Chung tells Scully that this whole account is odd as the cook at the diner saw none of this. According to him, Mulder came in that night and ate slice after slice of sweet potato pie, while asking lots of questions such as "have you ever been abducted by aliens." (As this behaviour is very un-Mulder-like, presumably the cook's memory has been tampered with.)

(Mulder's version continues). Mulder gets back to the motel after leaving the diner. He finds two Men in Black in Scully's room, and Scully acting very calm and weird. The first Man in Black tells Mulder that some so-called alien encounters are hoaxes set up by the government, and that some of these hoaxes are then revealed as hoaxes in order to discredit the truth-seekers who believed them. Mulder says he's heard that the Men in Black act oddly so anyone who describes and encounter with them will seem crazy. "I find absolutely no reason why anyone would think you crazy if you described this meeting of ours," the Man in Black says, as the second Man in Black steps forward. It's Alex Trebeck. "The game-show host?"

Scully, talking to Chung now, admits she has no memory of any of this. Embarrassed, she tells him she was surprised to wake up and find Mulder asleep in her room. (Chung looks surprised at this.)

A crashed plane is found. Manners says this explains the UFO sightings, but Mulder says it's just the military's alibi. The pilot carried out of the plane is the one Scully did the autopsy on.

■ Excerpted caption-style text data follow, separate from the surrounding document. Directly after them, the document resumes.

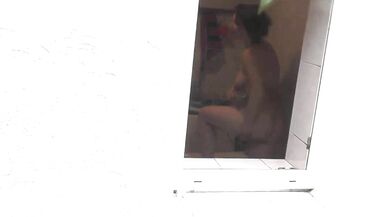 Le cul nue de Konstanzia mouillé et sauvage sous la douche publique par un voisin - 12 image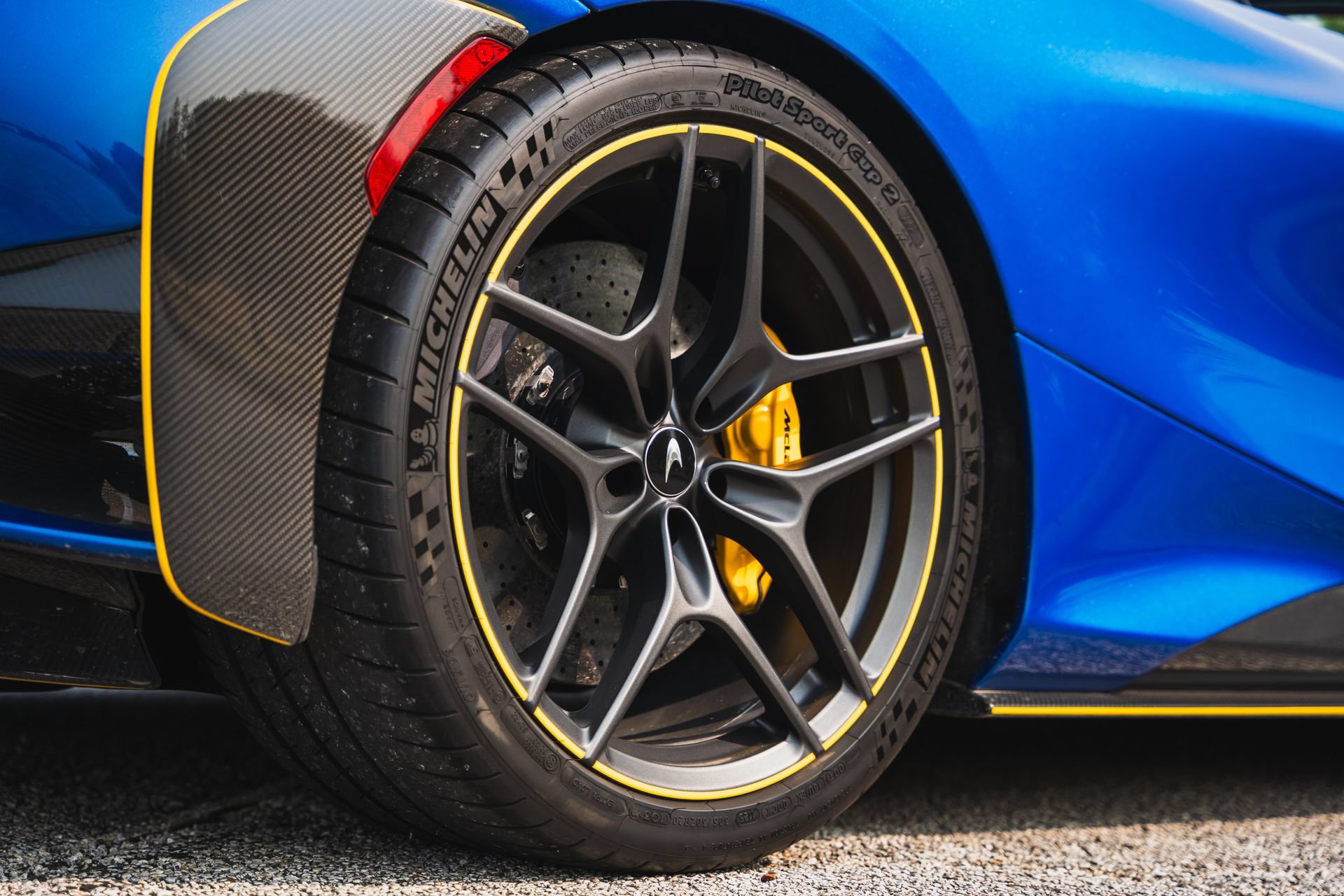 Used 2022 McLaren 765LT RWD image 27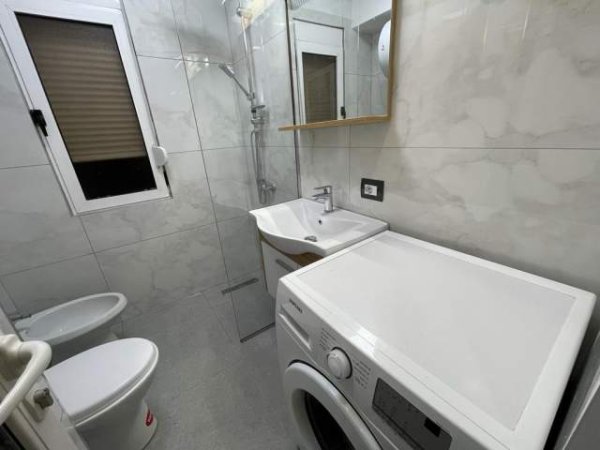 Tirane, jepet me qera apartament 1+1+BLK Kati 4, 50 m² 400 Euro (21 Dhjetori)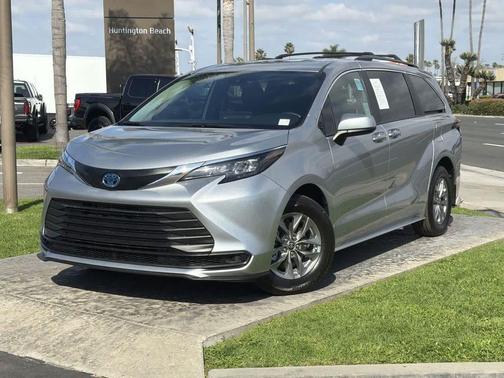 2025 Toyota Sienna LE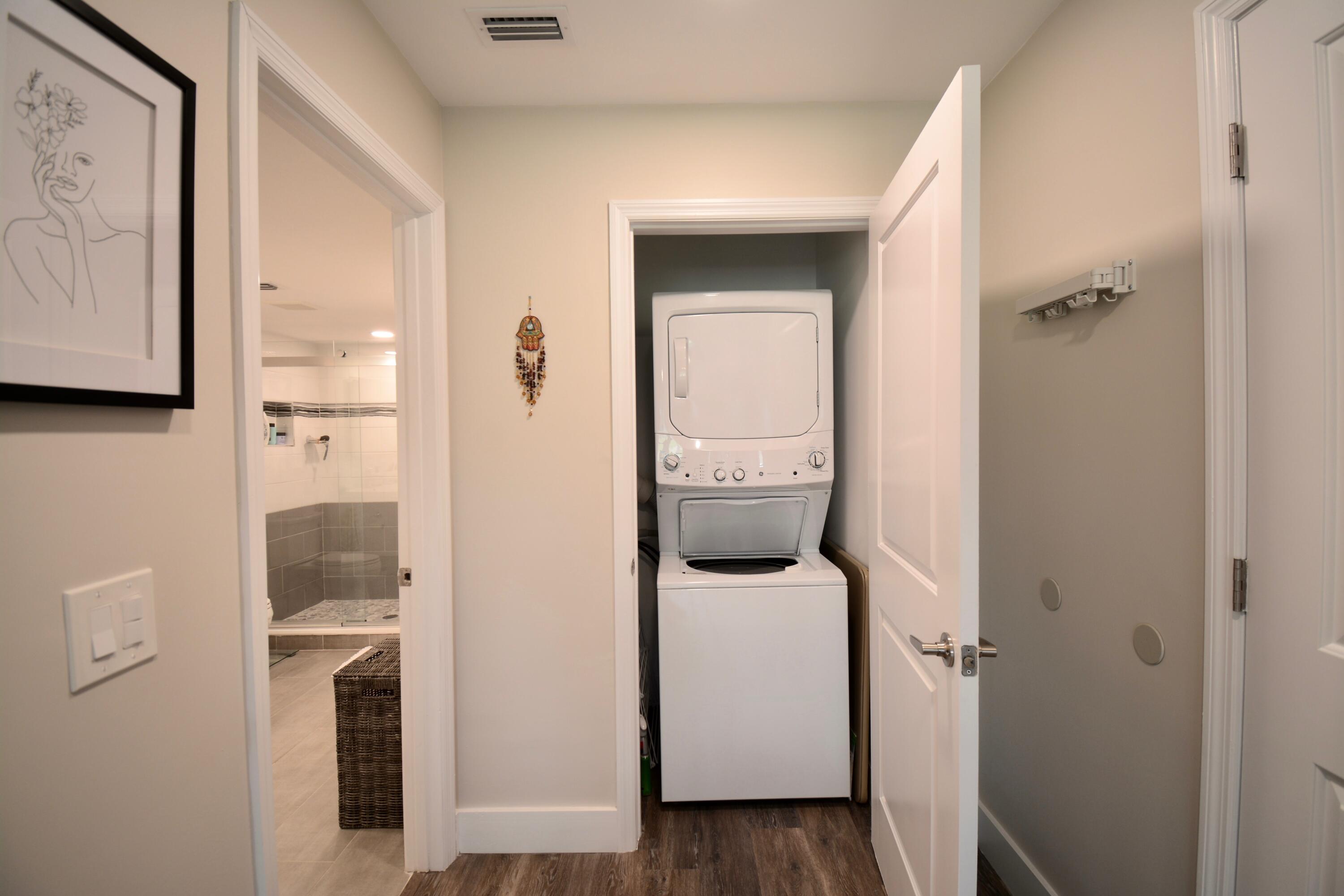 3 E Stratford Drive F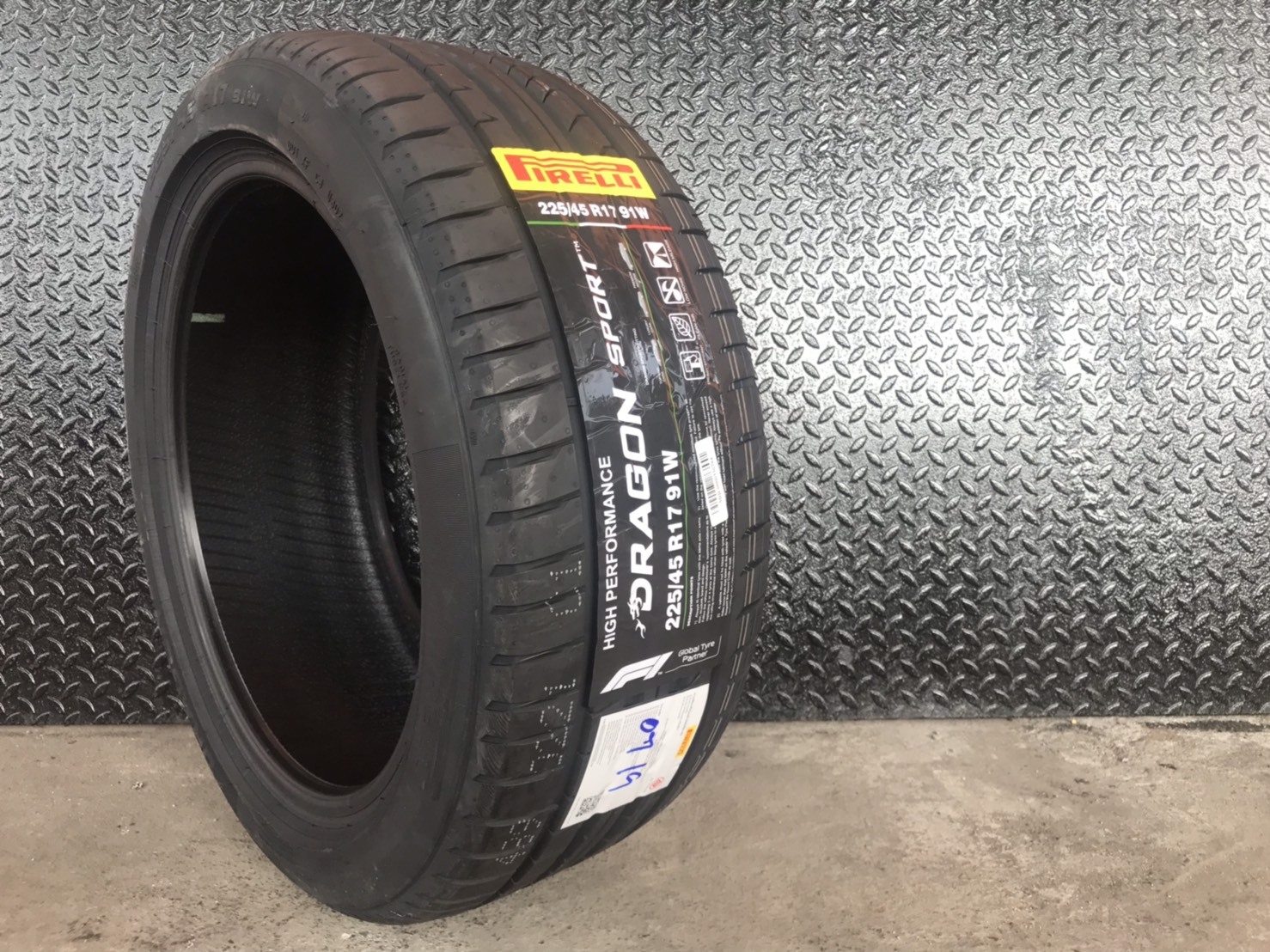 PIRELLI DRAGON SPORT 225/45R17 ราคาส่ง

Manners sums it up: "Bleep."

Back in the present, Scully tells Chung, "I know it probably doesn't have the sense of closure that you want, but it has more than some of our other cases."

Chung is working on his novel when Mulder visits him, urging him not to publish. "It will perform a disservice to a field of inquiry that has always struggled for respectability." The events, he says, deal with alternative realities and viewpoints, and, if presented wrongly, could really discredit the people involved and make them appear "foolish, if not downright psychotic." He is also concerned that the publisher is owned by a subsidiary of some other company that is part of the "Military-Industrial-Entertainments Complex." Chung assures him that the book will be written and asks him what really happened to Chrissy and Howard. "How the Hell should I know?" Mulder says.

Chung's voice-over muses on the persistence of people like Blaine, searching the skies in order to find the contentment that has eluded him in this life. Blaine now has Rocky's old job, while Rocky has moved to California and set up a cult based on his Lord Kinbote experiences. Chung reflects on how such a message appeals to the "lost and the desperate."

As Chung's voice-over continues, Scully is seen in the office, reading his book. In it, Chung calls her "Diana Luskey". He says she is "noble of spirit and pure at heart," but that she remains and FBI agent first and foremost. He calls Mulder "Reynard Muldrake" and says he's a "ticking time-bomb of insanity". "His quest into the unknown has so warped his psyche one shudders to think how he receives any pleasures from life." As we hear this, we see Mulder in bed, watching a Big Foot video.

Chung's summing-up continues: Chrissy has read into her experience a message to improve her own world and had got involved in campaigning. Howard still loves her, but, as she sneers at him, "Love? Is that all you think about?" As Chung says, everyone is searching for meaning, whether in the skies or in other humans. "Although we may not be alone in the Universe, in our own separate ways, on this planet, we are all alone."